Modern = safe, right?  Modern nitro powder must be "safer" than old fashioned black powder, right?  (That's the way some people think, when they don't know any better and make assumptions.)

Why is smokeless powder so dangerous to use as a volume-to-same-volume substitute for black powder?  I don't know, but it IS. It just "IS" more dangerous.

Modern hunting rifles with bottle-necked cases and smokeless powder often have chamber pressures of 50,000 or 60,000 p.s.i. (or CUP, whatever the unit is).

Black powder rifles are made to contain about 20,000 pounds (or CUP ?) of pressure.  So that's 1/3 to 1/2 of what the modern smokless rifle generates.


----------



## alvishere

Oh that is scary


----------



## The Longhunter

GunnSmokeer said:


> Why is smokeless powder so dangerous to use as a volume-to-same-volume substitute for black powder?  I don't know, but it IS. It just "IS" more dangerous.



Because an equal volume of smokeless contains more energy than BP, but the chemicals are more tightly bound so that smokeless is harder to set off.  

Without the tight chemical bonding of smokeless, you would have nitroglycerin, which is too unstable for ordinary use.

It's like comparing alcohol and gasoline -- same volume. different amount of energy.


----------



## _BuckMaster_

OH MY!!! Praying for a speedy recovery.


----------



## Kanook

My question would be/is, How many times had he done it before it failed?

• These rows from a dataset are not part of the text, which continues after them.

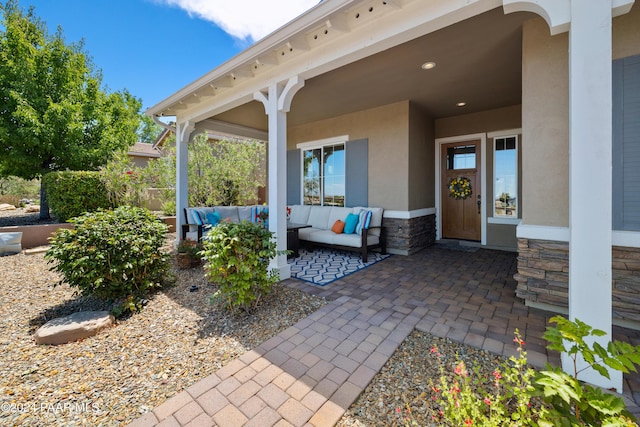 entrance to property with an outdoor living space and a patio area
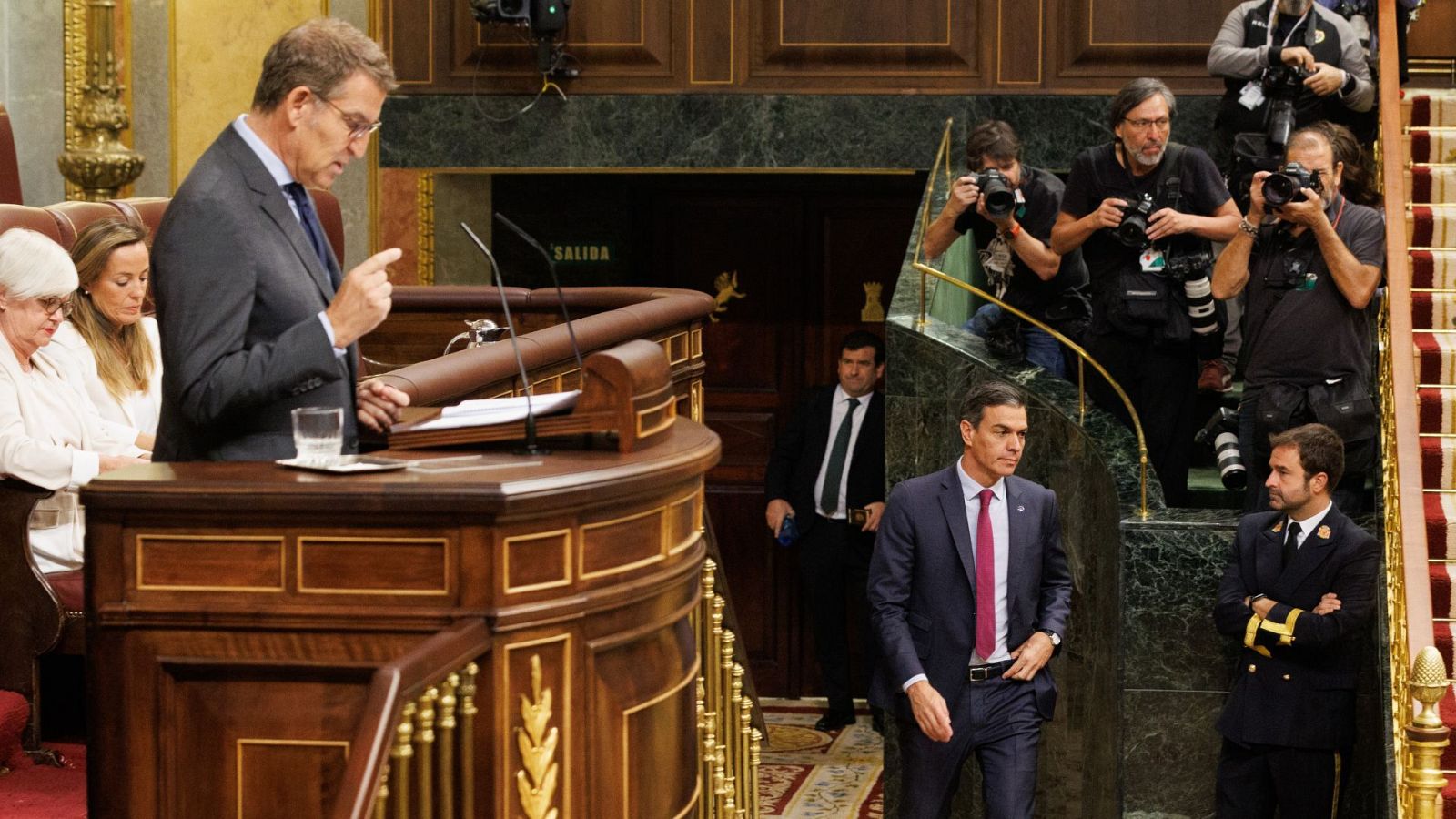 Alberto Núñez Feijóo interviene en el debate de investidura mientras pasa el presidente del Gobierno en funciones, Pedro Sánchez.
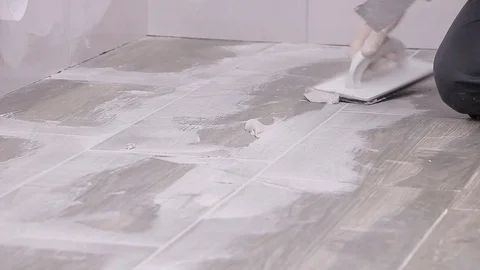 Grouting tiles Stock Footage 111860822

Hoping for a speedy recovery as well.


----------



## FrontierGander

One is all it would take.


----------



## Whiteeagle

Ya can't FIX stupid! However, I HOPE he learned  from this and TEACHES others!


----------



## Marlin_444

Not smart...


----------



## RNC

Hunting & shooting will never be the same


----------



## FrontierGander

Supposedly was using black powder but only seated the ball 8" down the muzzle.


----------



## jglenn

dang ..looks like one less T/C Hawken

hope no one was hurt.


----------



## BarnesAddict

FrontierGander said:


> Supposedly was using black powder but only seated the ball 8" down the muzzle.



DAYGONE!

How bad was the shooter injured?  That looks very nasty.


----------



## wildman0517

Looks like someone got hurt bad I see blood inside the hat also, hope the shooter is ok


----------



## FrontierGander

it cost him some fingers.


----------



## BarnesAddict

FrontierGander said:


> it cost him some fingers.



Do you know this person and the whole story?  Not asking for a name, just concerned enough to warn others of the potential.


----------



## FrontierGander

No it was on another forum where a members friend worked on the range.


----------



## woods&water

you can't fix stupid


----------



## Whiteeagle

It's AMAZING how Ignorance and Haste can HURT YOU and destroy your gear! Too many people try it FIRST and then READ the directions! However, if it doesn't KILL you....You get a GOOD EDUCATION!


----------



## Wild Turkey

Like the man said. If it doesnt kill you it will make you lefthanded.


----------



## Pablo

lightfoot209 said:


> So sad, he had best be Thankful  he wasn't more seriously injured.  Praying for a fast recovery and hope the lost of two fingers doesn't have a negative impact on his job for his and his family's sake.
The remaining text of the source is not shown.